MATERIAL SUPPLIED.
------------------------------------------------------------------------

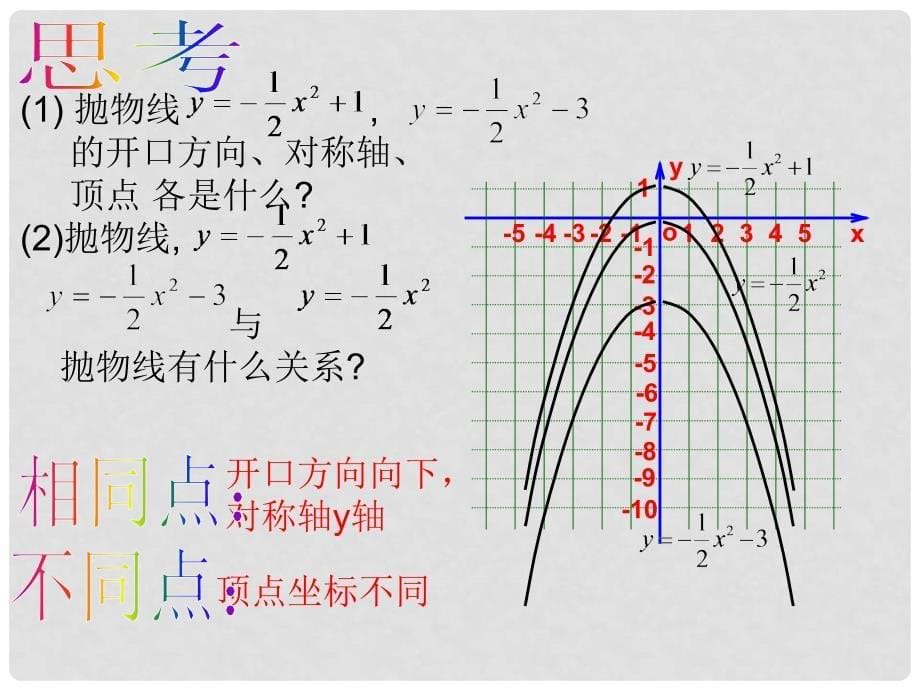 ax2+k图象和性质课件 （新版）沪科版_第5页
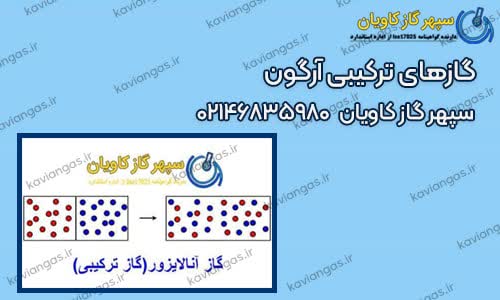 گاز ترکیبی هیدروژن در آرگون-شرکت سپهر گاز کاویان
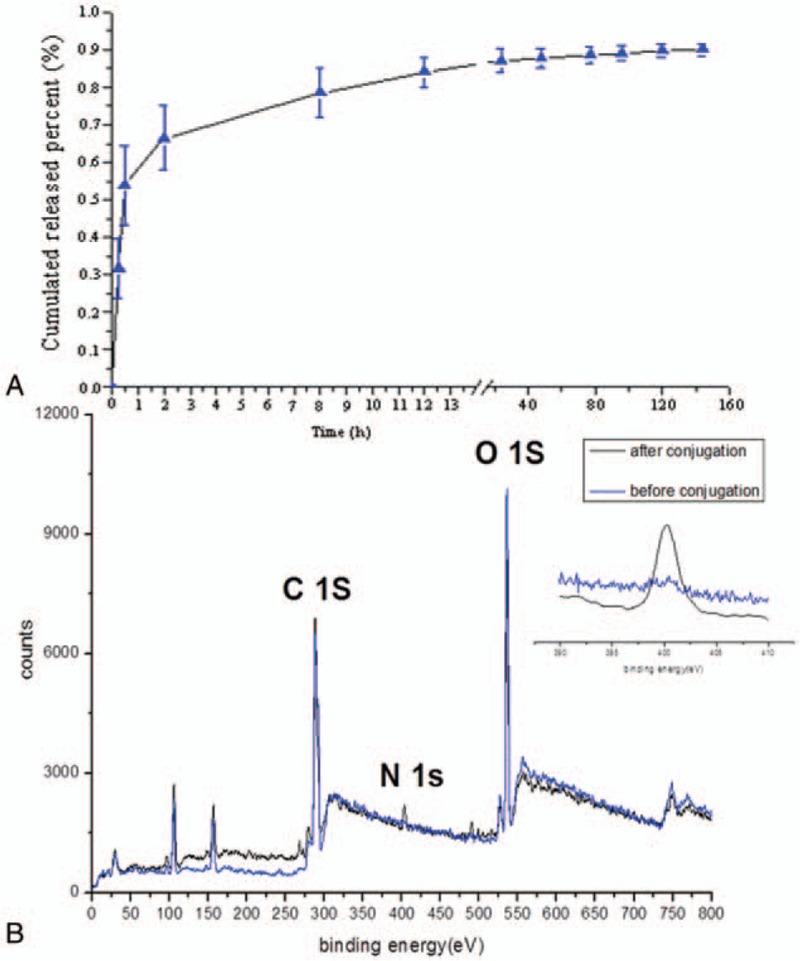 https://cdn.ncbi.nlm.nih.gov/pmc/blobs/1197/5627808/e174ac058111/medi-96-e7405-g004.jpg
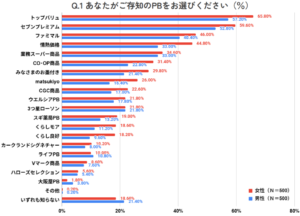【PB(プライベートブランド)商品についての調査】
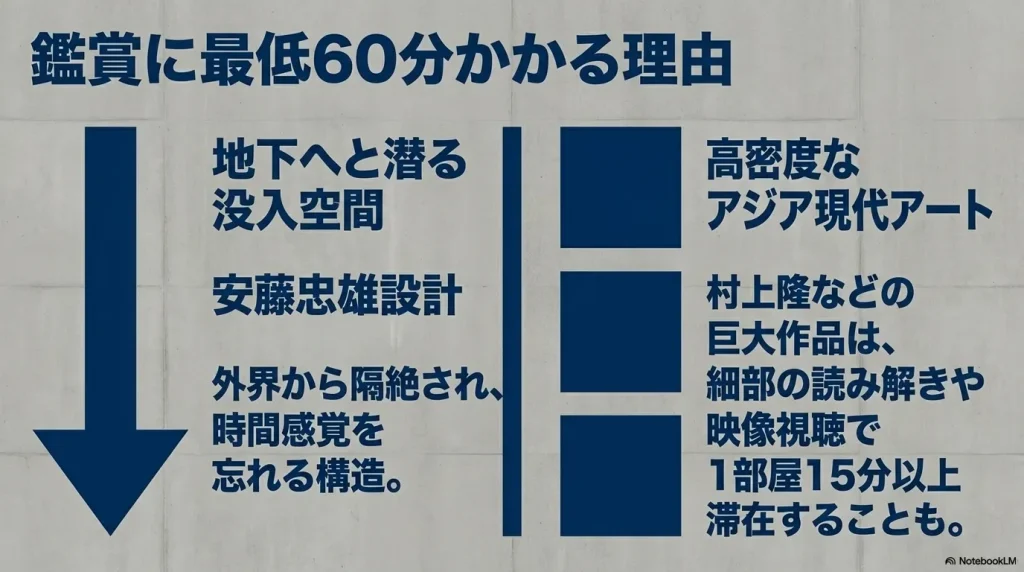 安藤忠雄設計の地下没入空間や、村上隆などの巨大作品の細部の読み解きにより、1部屋15分以上滞在するため時間がかかる理由の解説スライド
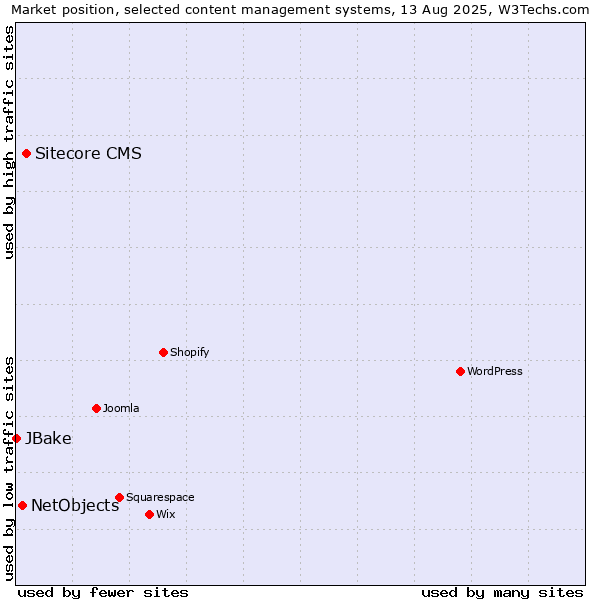 Market position of Sitecore CMS vs. NetObjects vs. JBake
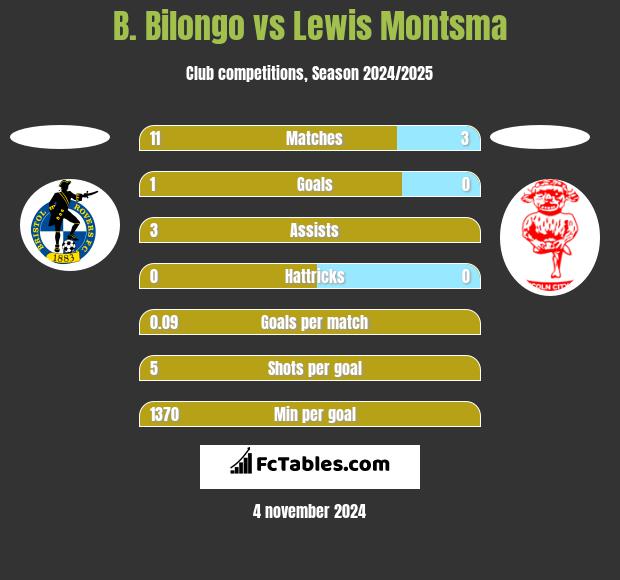 B. Bilongo vs Lewis Montsma h2h player stats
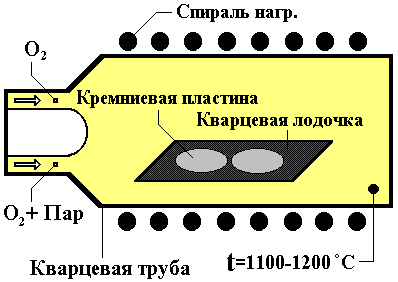 Описание: Реактор для получения термического кремния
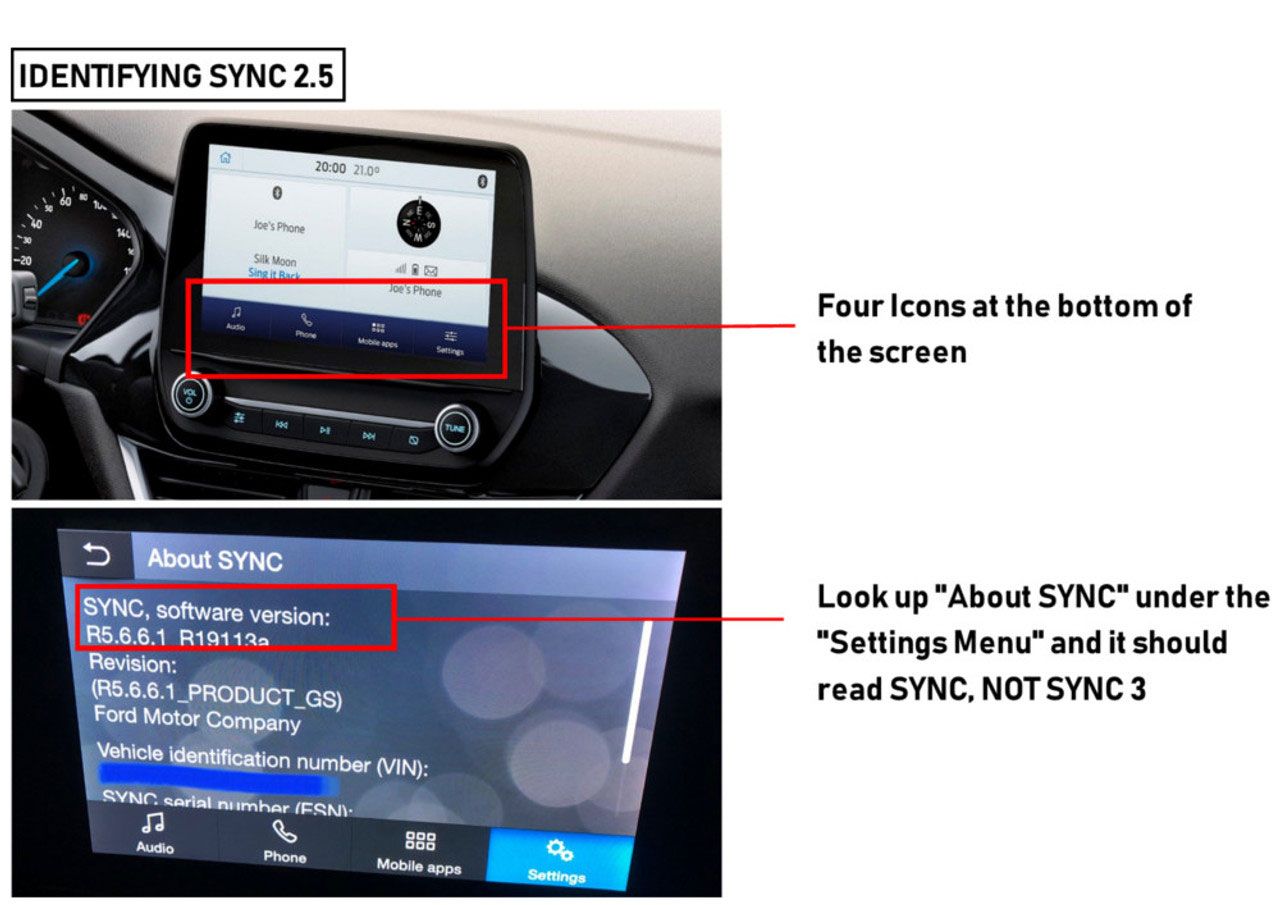 Ford Sync 2.5 tolatókamera illesztő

------------------------------------------------------------------------

Please copy the records above word for word, leaving out every picture.

 ax2+k图象和性质课件 （新版）沪科版_第5页
 گاز ترکیبی هیدروژن در آرگون-شرکت سپهر گاز کاویان
 https://cdn.ncbi.nlm.nih.gov/pmc/blobs/1197/5627808/e174ac058111/medi-96-e7405-g004.jpg
【PB(プライベートブランド)商品についての調査】
 安藤忠雄設計の地下没入空間や、村上隆などの巨大作品の細部の読み解きにより、1部屋15分以上滞在するため時間がかかる理由の解説スライド
 Market position of Sitecore CMS vs. NetObjects vs. JBake
 B. Bilongo vs Lewis Montsma h2h player stats
 Описание: Реактор для получения термического кремния
 Ford Sync 2.5 tolatókamera illesztő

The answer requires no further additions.